[[ Data shown, beginning ]]
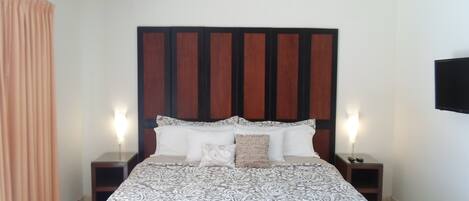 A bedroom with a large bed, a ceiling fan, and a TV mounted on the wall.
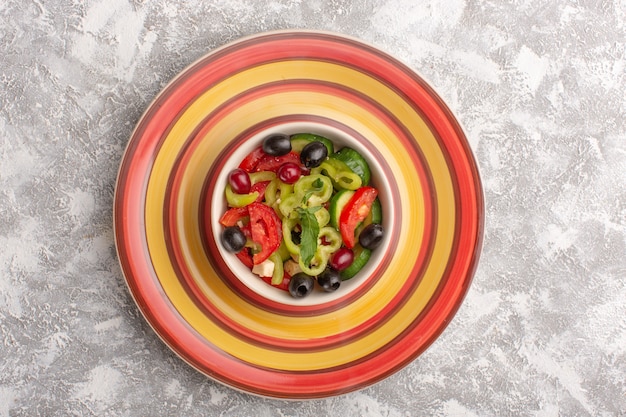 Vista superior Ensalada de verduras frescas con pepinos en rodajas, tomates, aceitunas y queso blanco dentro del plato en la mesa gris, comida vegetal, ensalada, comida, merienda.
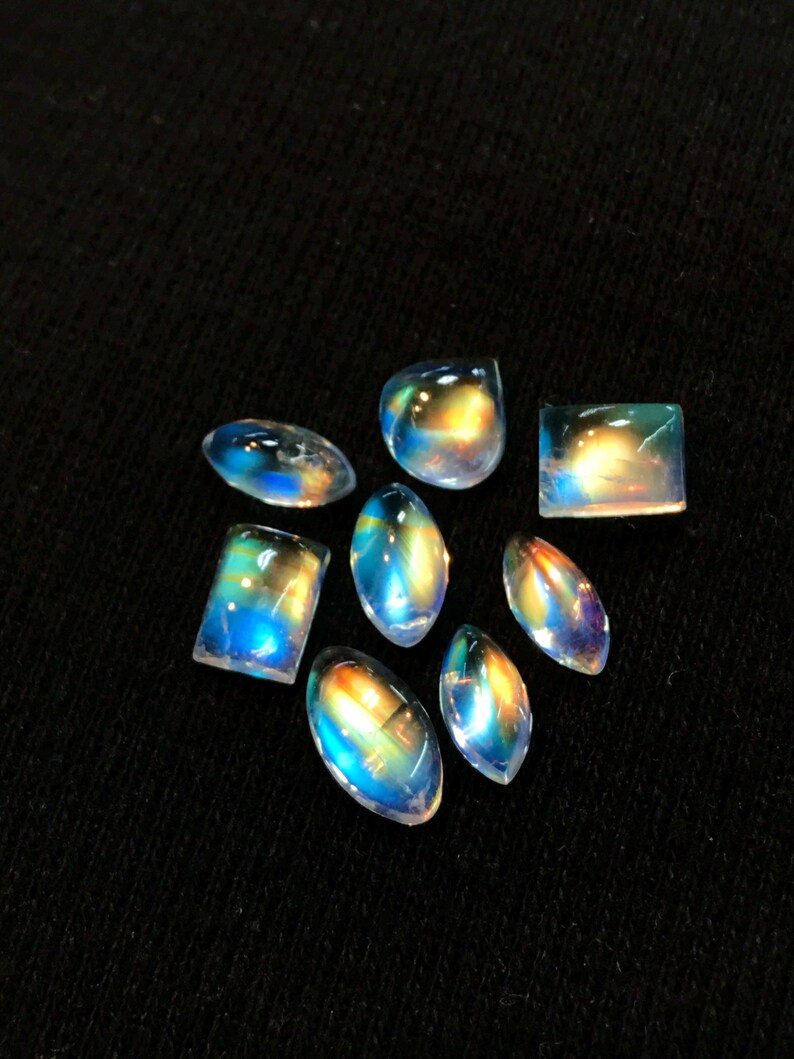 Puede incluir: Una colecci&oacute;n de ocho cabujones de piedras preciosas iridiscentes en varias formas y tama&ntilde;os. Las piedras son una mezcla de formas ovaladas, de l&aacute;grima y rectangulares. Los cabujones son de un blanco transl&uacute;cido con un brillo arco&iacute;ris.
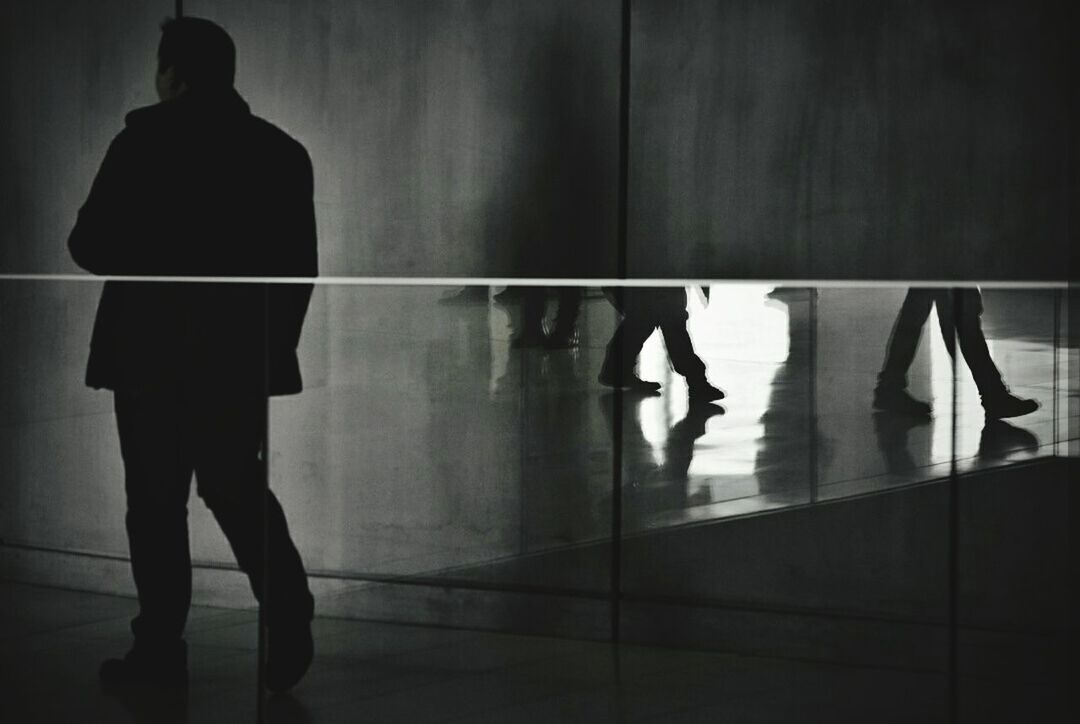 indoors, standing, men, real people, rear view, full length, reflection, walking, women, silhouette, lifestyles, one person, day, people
[[ Data shown, end ]]
Transcribe the opening line of the listing above, please, and every line after it through the line with "Vista superior Ensalada", word for word, without pictures.

Answer space:
 A bedroom with a large bed, a ceiling fan, and a TV mounted on the wall.
 Vista superior Ensalada de verduras frescas con pepinos en rodajas, tomates, aceitunas y queso blanco dentro del plato en la mesa gris, comida vegetal, ensalada, comida, merienda.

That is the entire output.